There’s a languorous quality to opening track ‘In A Strange Place’ whose oddly floating melodies suggest a sense of peace and tranquility. ‘State Of Flux’ combines a choppy rhythm with a warm, immersive somnambulance that suggests late nights and early mornings. It’s a track that breathes the warm ambience that’s reminiscent of bands such as Boards Of Canada.
Meanwhile, ‘Im Uberfluss’ opts for a more traditional technopop approach with its modulating rhythms and synth melodies.
Electric Child also features tracks that take inspiration from controversial topics, such as the pulsing electronica of ‘Finland’. The track is weaved around samples of a speech that Hitler gave in 1939 in response to Roosevelt’s demand that Germany not attack certain countries. DeMarre conceived of the track as a response to the recent rise of nationalist tendencies across the world.

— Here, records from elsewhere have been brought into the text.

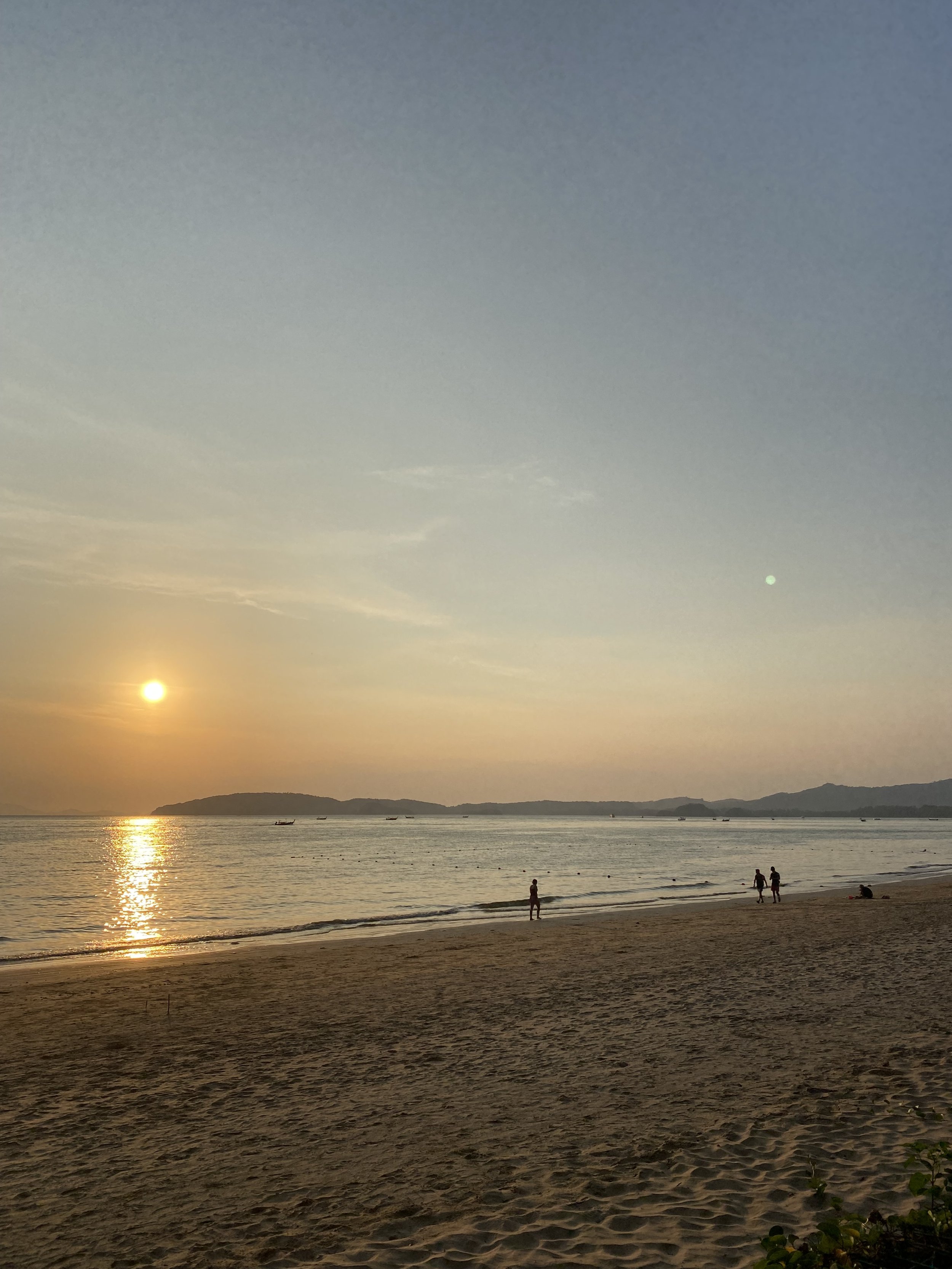 Sunset over a beach in Krabi, Thailand, with distant mountains and a peaceful shoreline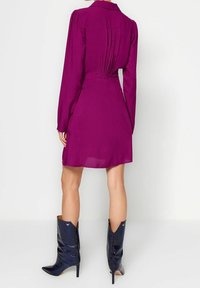 Fuchsiaröd långärmad klänning med en figurnära midja och veckad baksida, i kombination med strukturerade knäförslutande stövlar i mörkblått med spetsiga tår.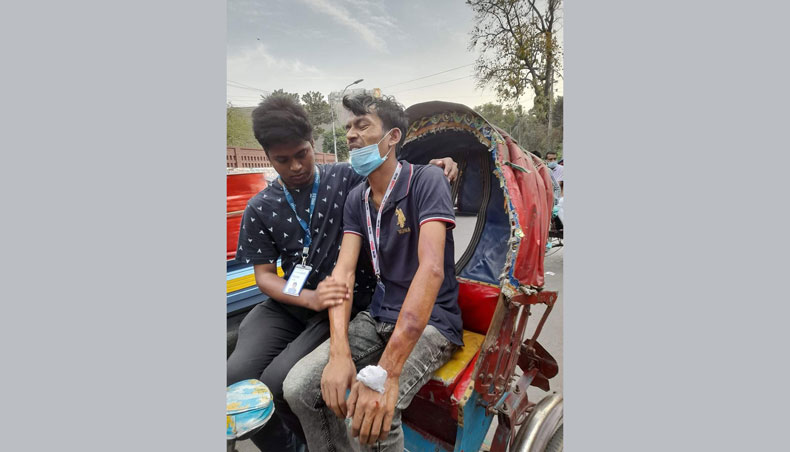 Injured journalist Abid Hasan Rasel is being taken to hospital.- New Age photo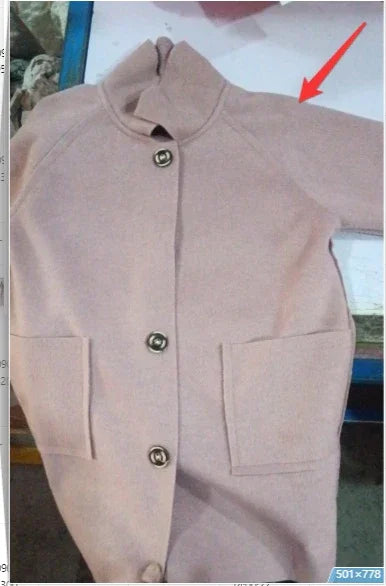 Beige button-up wool coat with two front pockets and a high collar laid flat on a white surface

Elsewhere, the mesmerising fractured rhythms of ’Disco Nnect’ draws inspiration from the final minutes in the TEPCO control centre in 2011, when the nuclear meltdown at the Fukushima power plant was imminent. The track also contains audio communication TEPCO was forced to release. This theme of nuclear disaster in Japan looms large over the album and Johan & Vedder’s video for the track ‘State Of Flux’ contains imagery from the forbidden zone in Fukushima Prefecture.
It’s also a concept that carries over into ‘Silverlining in Shinjuku’, whose squelchy electronics were inspired by an article revolving around “Silver Porn,” a trend in Japan where senior citizens find a second career appearing in porno films made in the red light district of Tokyo. ‘Silverlining in Shinjuku’ offers up a reflection on how life would be affected if a nuclear fallout had reached Tokyo. The track is peppered with indistinct vocal samples lending it a slight sense of unease.
‘Like To Feel Your Blip’ has hints of Leftfield in its bassy rhythms while tracks such as ‘Aggregat’ and ‘Clavius’ offer a much simpler slice of electronica that casts a nod to the more melodic elements of the German school of electronic music (think Tangerine Dream or Cluster).
There’s nods to the iconic Blade Runner score by Vangelis on ‘Portoplasm’ whose slightly out of phase synths pulse in and out lending it a ’70s cinematic feel, the sort of thing that Italian pro rock outfit Goblin made such an art out of. Elsewhere, ‘Echospace’ has a warm analogue feel to it overlaid with dreampop synths that convey a sense of comfortable fuzziness.
Described as “atmospheric music with the weight of tape machines and synths from the ’70s and ’80s”, the album does call to mind elements of synthwave and fans of the likes of the Stranger Things soundtrack will find common ground here. But in Electric Child, DeMarre has assembled an album that still carries its own identity and manages to convey an inspired soundtrack ambience.
Electric Child is due for release digitally on 20th March 2017 via Hommebot.